The advise resumes once again, that if you have deposits over 100k, then  spread them over several banks.

I will wait until the NTMA/NCA update their websites, with the full details of the changes, before updating the best buys.


----------



## Lightning (26 Feb 2013)

NWL has an interesting piece on the end of the ELG here.


----------



## Godfather (27 Feb 2013)

Hi everyone+Brendan (to Brendan: I liked your intervention in the documentary on "Irish Nationwide" on RTE recently),

I was watching RTE News yesterday and they confirmed the deposit protection up to 100K Eur but nobody confirmed it "for each banking group/institution"... Can anyone let me know if there is anything in writing on this particular please?


----------



## Lightning (27 Feb 2013)

NTMA and NCA website are updated with the new deposit protection information. 



Godfather said:


> I was watching RTE News yesterday and they confirmed the deposit protection up to 100K Eur but nobody confirmed it "for each banking group/institution"... Can anyone let me know if there is anything in writing on this particular please?



Yes, it is 100k per bank per person. If you have more than 100k, split it over several banks. 

You can view it in writing on the NCA website.


----------



## Godfather (28 Feb 2013)

Thank you CiaranT!


----------



## Tuttlinghorn (4 Mar 2013)

*For new deposits or all deposits ?*

When I read the wording of the ad posted in the newspapers by the Govt, the wording seemed to suggest that the ELG was being removed for NEW deposits .... which seemed to infer that it would remain in place for existing deposits. I presume this was just me reading it too quickly ???


----------



## Lightning (5 Mar 2013)

Tuttlinghorn said:


> When I read the wording of the ad posted in the newspapers by the Govt, the wording seemed to suggest that the ELG was being removed for NEW deposits .... which seemed to infer that it would remain in place for existing deposits. I presume this was just me reading it too quickly ???

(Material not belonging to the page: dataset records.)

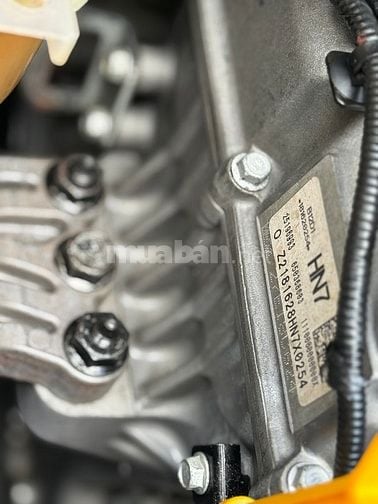 chevrolet spark sx: 2018 ( một chủ mua mới )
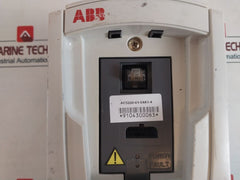 Abb Acs550-01-04A1-4 Frequency Converter 380V/480V Ac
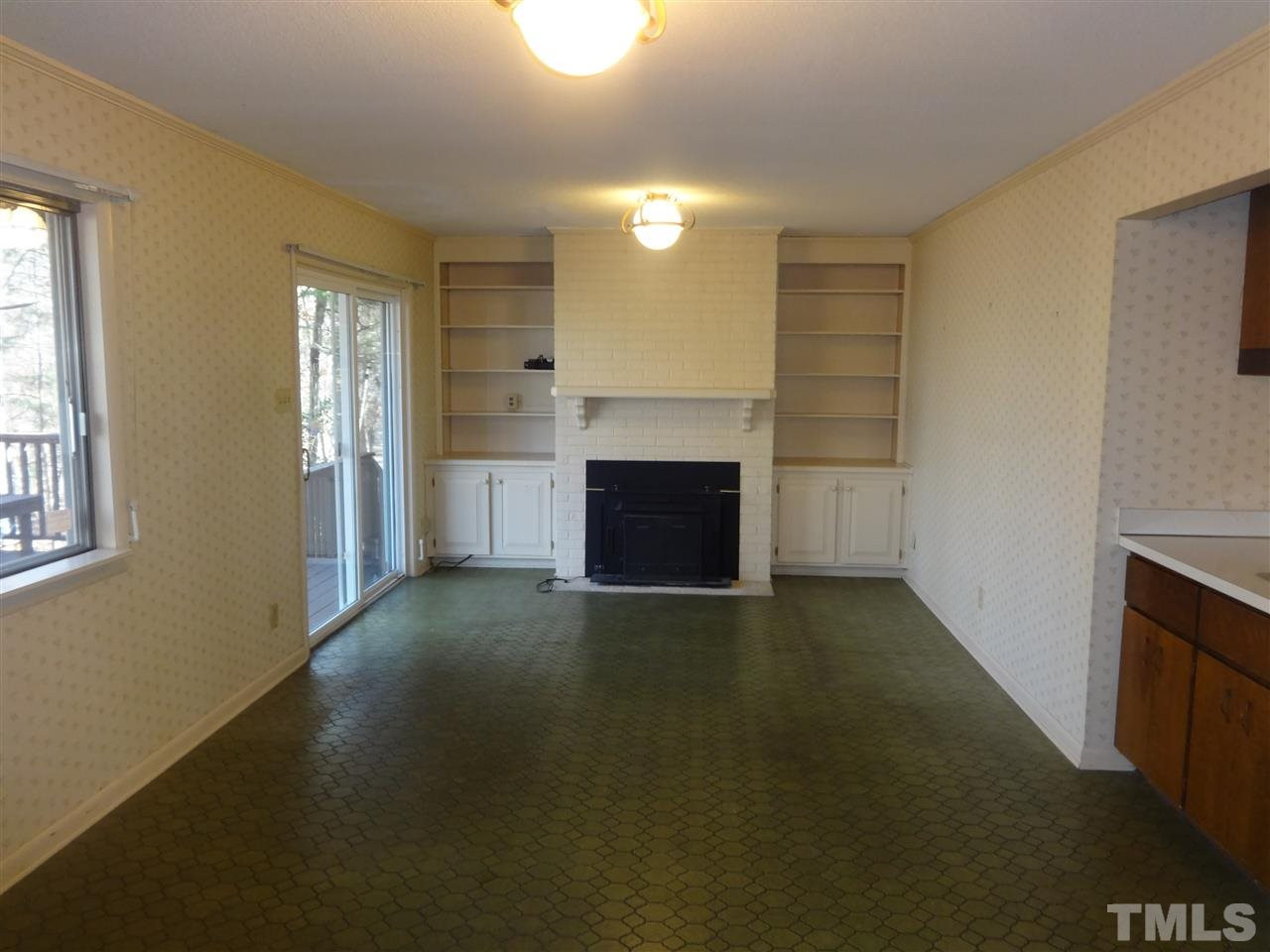 1712 Woodburn Road Durham, NC 27705 - Photo 8 of 16 Photo 8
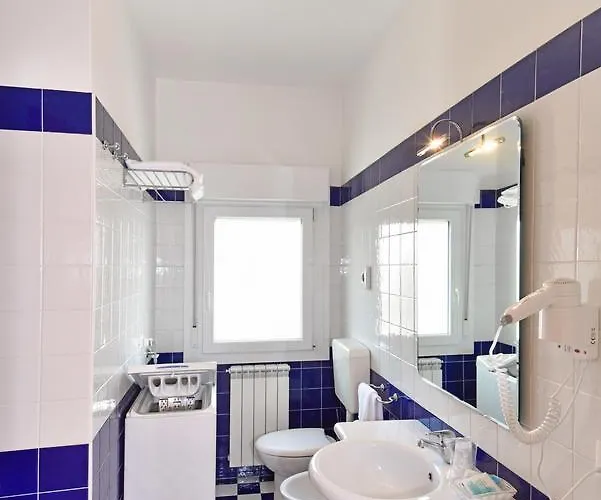 Olga Apart Otel Caorle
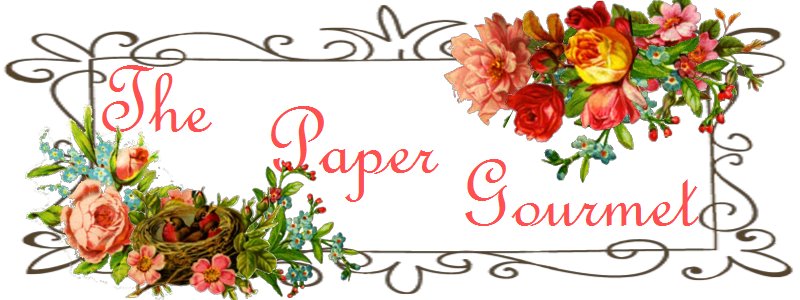 The Paper Gourmet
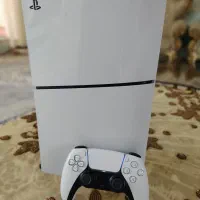 ps5 اسلیم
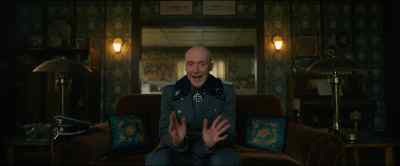 I like your house. - Hunters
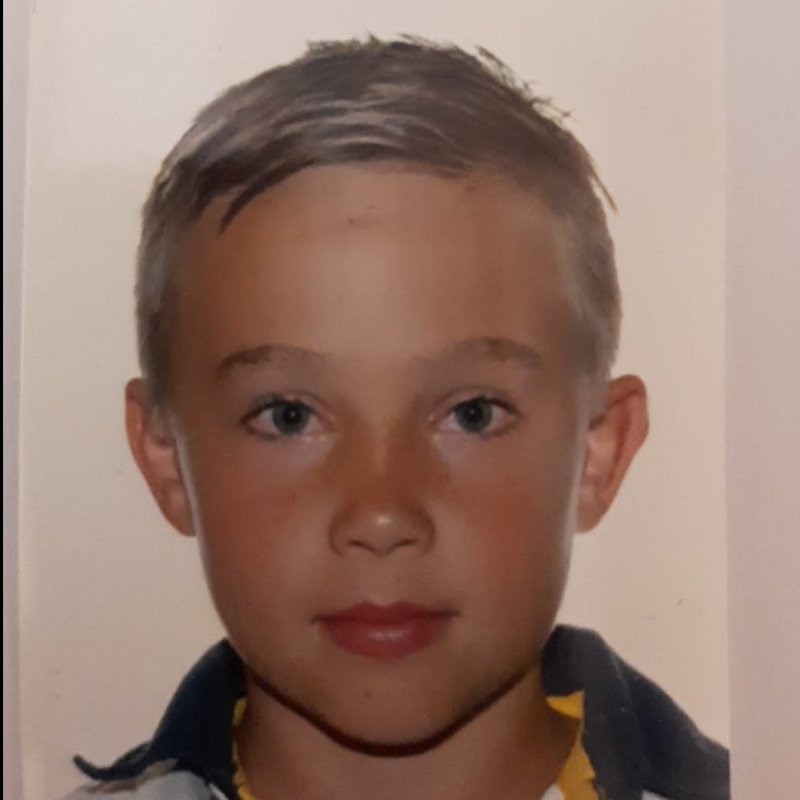 SANDER WAALER  COYLE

Term deposits opened (1) after the ELG started and (2) before 28 March 2013 are protected (3) provided the term lenght is less than 5 years. 

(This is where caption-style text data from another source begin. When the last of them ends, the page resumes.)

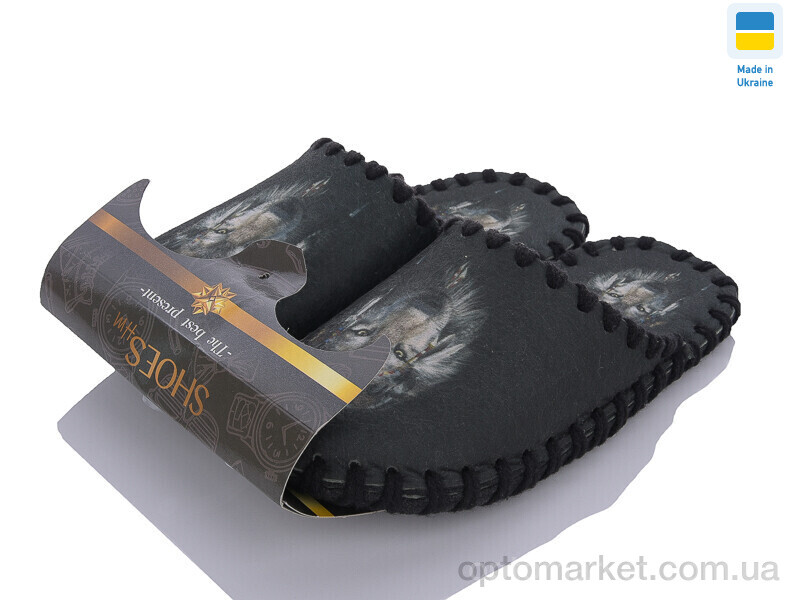 Купить Капці чоловічі 608 зелений Vends зелений, фото 1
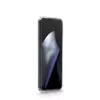 Hama Always Clear mobiliojo telefono dėklas 17,4 cm (6,83 col.) Dangtelis Skaidrus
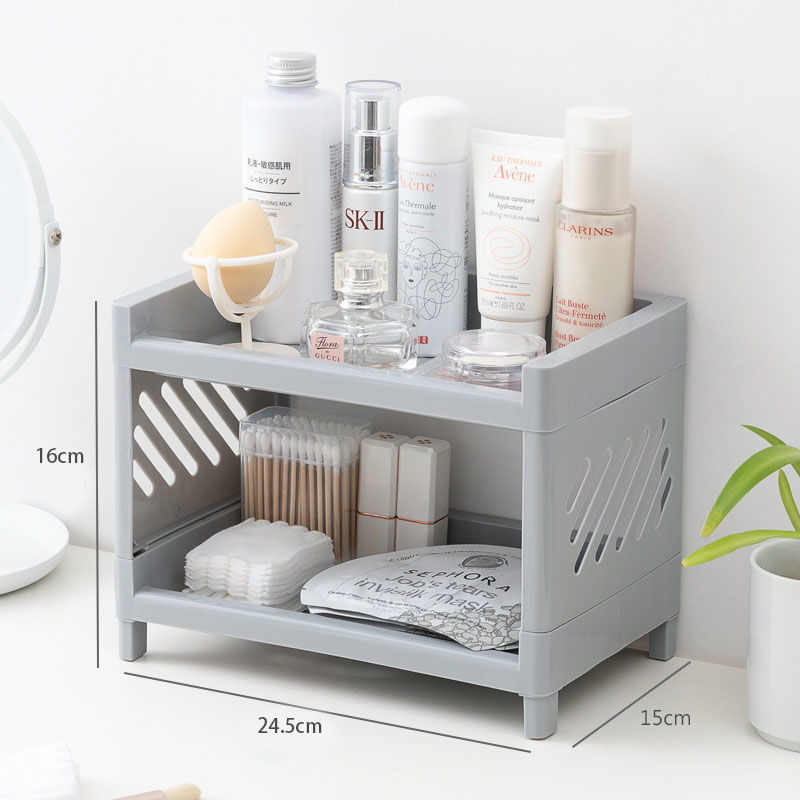 Regał do przechowywania na biu – Desk Setup Home Office recenzja i cena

Instant access and notice accounts are not protected post 28 March 2013 for amounts over 100,000.00 EUR.


----------



## Kev (8 Mar 2013)

I wounder why they are excluding instance access and notice accounts does this mean that depositors of accounts of over £100k will be danger in a couple of weeks time.


----------



## Lightning (24 Mar 2013)

4 days to the end of deposit insurance for amounts over 100,000 EUR.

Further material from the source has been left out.